Ultimately, if the data isn't on your hardware, parsable by open source software, there's always a chance a corporate move could imperil it.
Luckily day one is fully e2ee encrypted, otherwise I wouldn’t trust their self baked sync service a bit
You should actually be very happy. Given Automattic's track record, it might become free.
I relied very heavily on Day One until they dropped most of their local-hosting features. It was painful and I still haven't found any comparable alternative.
Wow, I didn't realize they did that... I've had Day One suggested to me many time and always resisted, I guess I'm glad I did. I don't know what I want as an alternative, though - I guess what would be ideal is something that is Desktop/Mobile, syncs markdown to a shared filesystem like Dropbox, and has lots of optional bells and whistles for cataloguing and organization that I wouldn't mind losing since I'd still have the actual content in markdown.
I tried. There isn’t one. Dyrii was decent. But it was abandoned. There’s Journey (with their cluttered and poor interface) but they’ve not been able to pull themselves out of Google’s sink-hole. Even after you login with Apple Login they ask you to add a Google Drive account to sync data.

So I literally just moved back to pen and paper. Something I had been doing since school (school school). I haven’t missed any journaling app since. But having one would be nice.

How about Joplin? (https://joplinapp.org/)
Great idea. Joplin is a really good note taking app, open source, free and you can easily sync it via webdav.

It's not a journaling app per se, but you could use it for that.

The mobile apps are not perfect yet though.

Still running an 8 year old version for that reason. Tried switching to MacJournal once it became free but kept going back.
Same. I still use the old app on my iPhone. Syncing to Dropbox and iCloud no longer works. I periodically export to pdf as a backup. I have nine years of notes in that pdf.

At some point an iOS update is going fully break the app, but I'm still hanging on.

While I generally do not like subscriptions, surely “sync” falls into the category of “well of course that is a subscription”?

Someone must maintain a server indefinitely for you to sync whenever you want. That is a continuous cost that also has a scale factor, e.g. based on number of users.

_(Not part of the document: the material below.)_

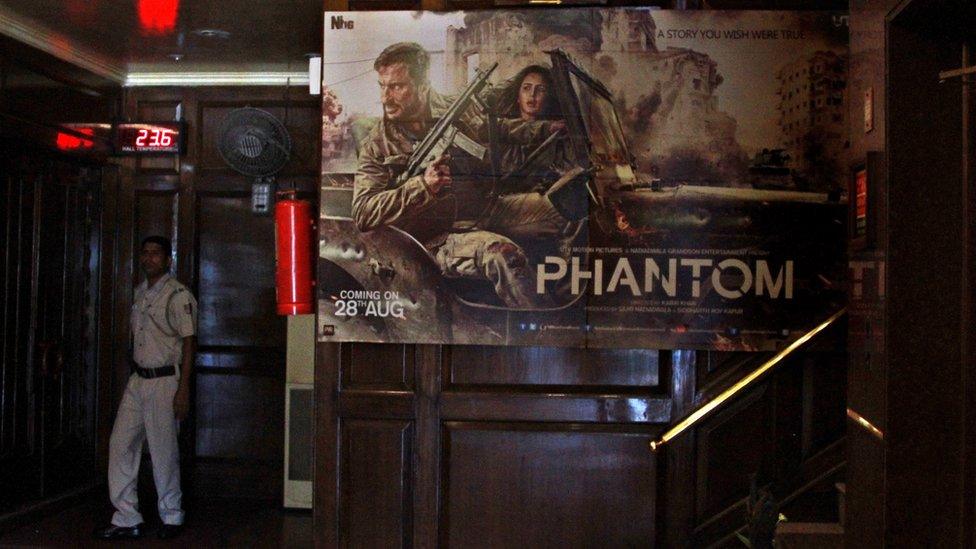 An Indian security guard stands near a poster of upcoming Bollywood movie "Phantom", scheduled to release in India on Aug. 28, at a multiplex in New Delhi, India, Friday, Aug. 21, 2015.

Without revenue proportional to that cost (e.g. per user), how can it be expected to remain functional?

I think the distaste for Day One’s subscription stems from the fact that an update removed the ability to sync on the user’s platform of choice (iCloud or Dropbox) which they were already paying for, and forced them into the first-party service.
that was my first thought too. I've messed about with their import / export features but found them a bit lacking. so either this means it goes wrong and I get a decent export option developed or it gets better and I stay there but also get a better export option for backups!